**ACTIVITY:** The records follow. Retype them without a single change.

Records from a data source:
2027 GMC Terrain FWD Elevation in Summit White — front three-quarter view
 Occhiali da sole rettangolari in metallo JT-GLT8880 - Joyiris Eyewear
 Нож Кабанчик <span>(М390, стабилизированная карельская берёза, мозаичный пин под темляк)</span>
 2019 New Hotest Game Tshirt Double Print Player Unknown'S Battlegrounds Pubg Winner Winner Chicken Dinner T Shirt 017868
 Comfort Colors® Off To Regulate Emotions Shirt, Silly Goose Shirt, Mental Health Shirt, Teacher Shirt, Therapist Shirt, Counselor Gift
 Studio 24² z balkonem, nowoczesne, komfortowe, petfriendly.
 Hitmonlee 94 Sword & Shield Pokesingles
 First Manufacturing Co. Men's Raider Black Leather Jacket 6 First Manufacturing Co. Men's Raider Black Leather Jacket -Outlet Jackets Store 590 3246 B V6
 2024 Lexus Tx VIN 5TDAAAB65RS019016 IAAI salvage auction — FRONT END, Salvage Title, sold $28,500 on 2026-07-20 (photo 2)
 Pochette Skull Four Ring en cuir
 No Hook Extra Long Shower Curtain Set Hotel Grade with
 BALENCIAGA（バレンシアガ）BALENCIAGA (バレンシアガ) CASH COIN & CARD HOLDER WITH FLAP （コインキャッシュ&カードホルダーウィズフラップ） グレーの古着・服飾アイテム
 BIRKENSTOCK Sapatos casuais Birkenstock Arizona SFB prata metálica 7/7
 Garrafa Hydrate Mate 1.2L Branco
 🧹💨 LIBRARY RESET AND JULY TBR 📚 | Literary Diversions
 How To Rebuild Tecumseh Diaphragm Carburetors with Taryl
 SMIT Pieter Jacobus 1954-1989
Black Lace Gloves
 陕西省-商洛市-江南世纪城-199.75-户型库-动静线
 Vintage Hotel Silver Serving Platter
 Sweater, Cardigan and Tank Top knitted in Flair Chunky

**EXERCISE OUTPUT:**
2027 GMC Terrain FWD Elevation in Summit White — front three-quarter view
 Occhiali da sole rettangolari in metallo JT-GLT8880 - Joyiris Eyewear
 Нож Кабанчик <span>(М390, стабилизированная карельская берёза, мозаичный пин под темляк)</span>
 2019 New Hotest Game Tshirt Double Print Player Unknown'S Battlegrounds Pubg Winner Winner Chicken Dinner T Shirt 017868
 Comfort Colors® Off To Regulate Emotions Shirt, Silly Goose Shirt, Mental Health Shirt, Teacher Shirt, Therapist Shirt, Counselor Gift
 Studio 24² z balkonem, nowoczesne, komfortowe, petfriendly.
 Hitmonlee 94 Sword & Shield Pokesingles
 First Manufacturing Co. Men's Raider Black Leather Jacket 6 First Manufacturing Co. Men's Raider Black Leather Jacket -Outlet Jackets Store 590 3246 B V6
 2024 Lexus Tx VIN 5TDAAAB65RS019016 IAAI salvage auction — FRONT END, Salvage Title, sold $28,500 on 2026-07-20 (photo 2)
 Pochette Skull Four Ring en cuir
 No Hook Extra Long Shower Curtain Set Hotel Grade with
 BALENCIAGA（バレンシアガ）BALENCIAGA (バレンシアガ) CASH COIN & CARD HOLDER WITH FLAP （コインキャッシュ&カードホルダーウィズフラップ） グレーの古着・服飾アイテム
 BIRKENSTOCK Sapatos casuais Birkenstock Arizona SFB prata metálica 7/7
 Garrafa Hydrate Mate 1.2L Branco
 🧹💨 LIBRARY RESET AND JULY TBR 📚 | Literary Diversions
 How To Rebuild Tecumseh Diaphragm Carburetors with Taryl
 SMIT Pieter Jacobus 1954-1989
Black Lace Gloves
 陕西省-商洛市-江南世纪城-199.75-户型库-动静线
 Vintage Hotel Silver Serving Platter
 Sweater, Cardigan and Tank Top knitted in Flair Chunky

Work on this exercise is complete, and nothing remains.